→ **Assignment**
Would you please reproduce all the entries word for word, minus the pictures?

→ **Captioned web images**
Start of Block
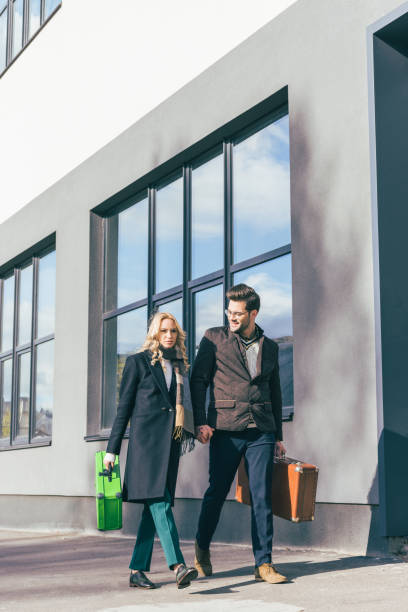 istock young couple with suitcases 898702724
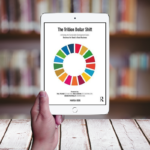 Hand holding an iPad displaying the book cover of "The Trillion Dollar Shift" by Marga Hoek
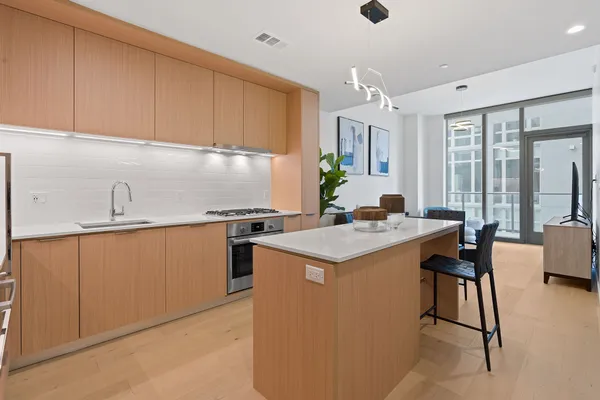 a kitchen with granite countertop a sink stove and cabinets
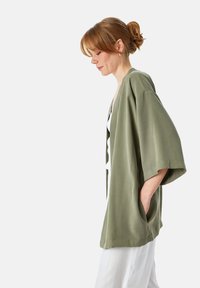 Olijfgroene, losse kimono-jas gemaakt van zachte stof, met brede mouwen en zijzakken, gedragen met een witte outfit eronder.
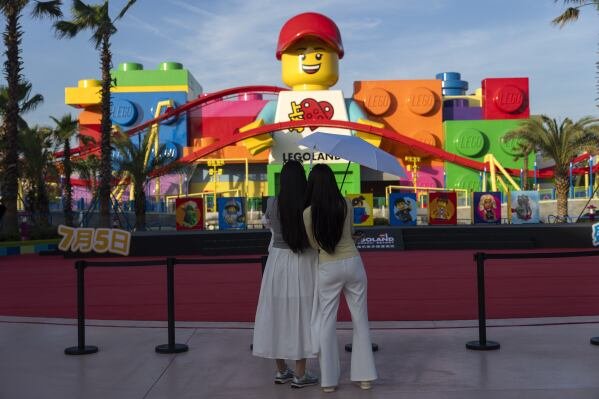 Women look at a giant Lego character at Legoland Shanghai a day before it opens to the public in Shanghai, China, Friday, July 4, 2025. (AP Photo/Ng Han Guan)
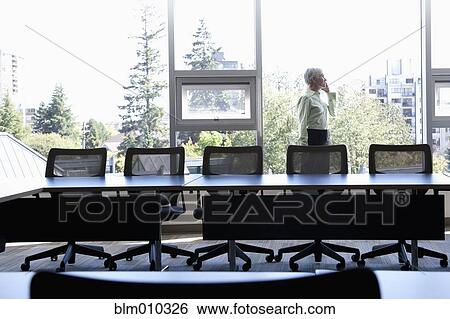 Stock Photograph - Caucasian businesswoman using cell phone in conference room. Fotosearch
End of Block
→ **Result of this exercise**
 istock young couple with suitcases 898702724
 Hand holding an iPad displaying the book cover of "The Trillion Dollar Shift" by Marga Hoek
 a kitchen with granite countertop a sink stove and cabinets
 Olijfgroene, losse kimono-jas gemaakt van zachte stof, met brede mouwen en zijzakken, gedragen met een witte outfit eronder.
 Women look at a giant Lego character at Legoland Shanghai a day before it opens to the public in Shanghai, China, Friday, July 4, 2025. (AP Photo/Ng Han Guan)
 Stock Photograph - Caucasian businesswoman using cell phone in conference room. Fotosearch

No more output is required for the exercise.